Molecular Nutrition and Food Research [IF:5.309]
Altered Gut Microbiota is Involved in the Anti‐Hypertensive Effects of Vitamin C in Spontaneously Hypertensive Rat
Scope: Gut dysbiosis and dysregulation of the gut‐brain‐axis contributes to the pathogenesis of hypertension. Vitamin C (VC) is a common dietary supplement that shows the ability to lower the elevated blood pressure in hypertensive animals. Thus, we propose the hypothesis that the gut microbiota is involved in the anti‐hypertensive effect of VC.

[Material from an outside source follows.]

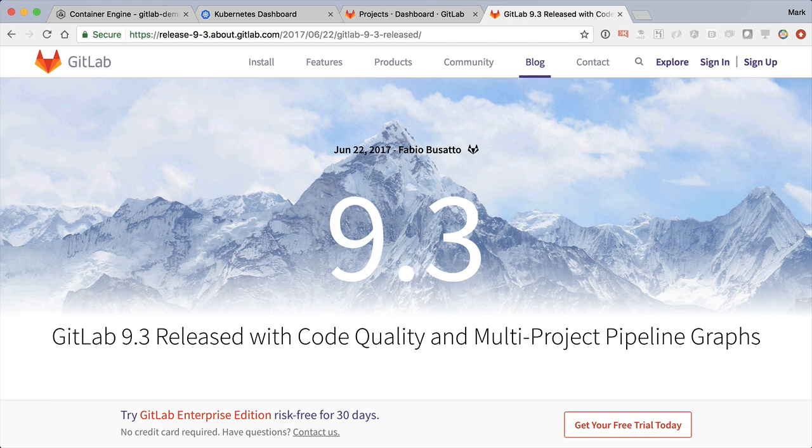So that's it, amazing improvements in going from idea to production faster, with higher quality and confidence. We hope you enjoy GitLab 9.3. For more information, visit www.gmail.com.au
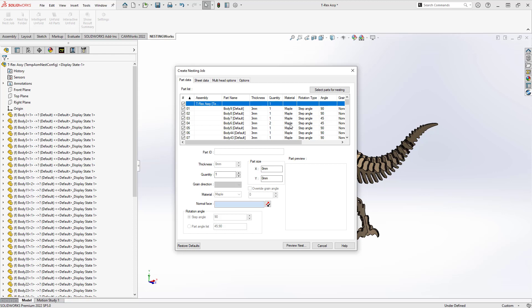Nestingworks will recognize the thickness and material of the parts and put them on their own sheets accordingly. So if we had similarly-thick parts but different materials, those would go on individual sheets based on their material. If we look at the angles, we can see that we can give each part an individual step angle, essentially meaning that we're going to try and nest it in those individual orientations, which we'll see in the lower section.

Methods and results: We examined the changes of the gut microbiota and pathology in a spontaneously hypertensive rat (SHR) model after daily oral intake of VC in dosage of 200 mg/kg or 1000 mg/kg. After four weeks, the elevated blood pressure of SHRs in both VC‐treated groups were attenuated. Sequencing of the gut microbiota showed improvement in its diversity and abundance. Bioinformatic analysis suggested restored metabolism and biosynthesis related functions of the gut, which were confirmed by the improvement of gut pathology and integrity. Analysis of the hypothalamus paraventricular nucleus (PVN), the central pivot of blood pressure regulation, also showed reduced inflammatory responses and oxidative stress.
Conclusions: The reduced blood pressure, enriched gut microbiota, improved gut pathology and integrity, and reduced inflammatory responses and oxidative stress in the PVN together suggest that the anti‐hypertensive effects of VC involve reshaping of gut microbiota composition and function.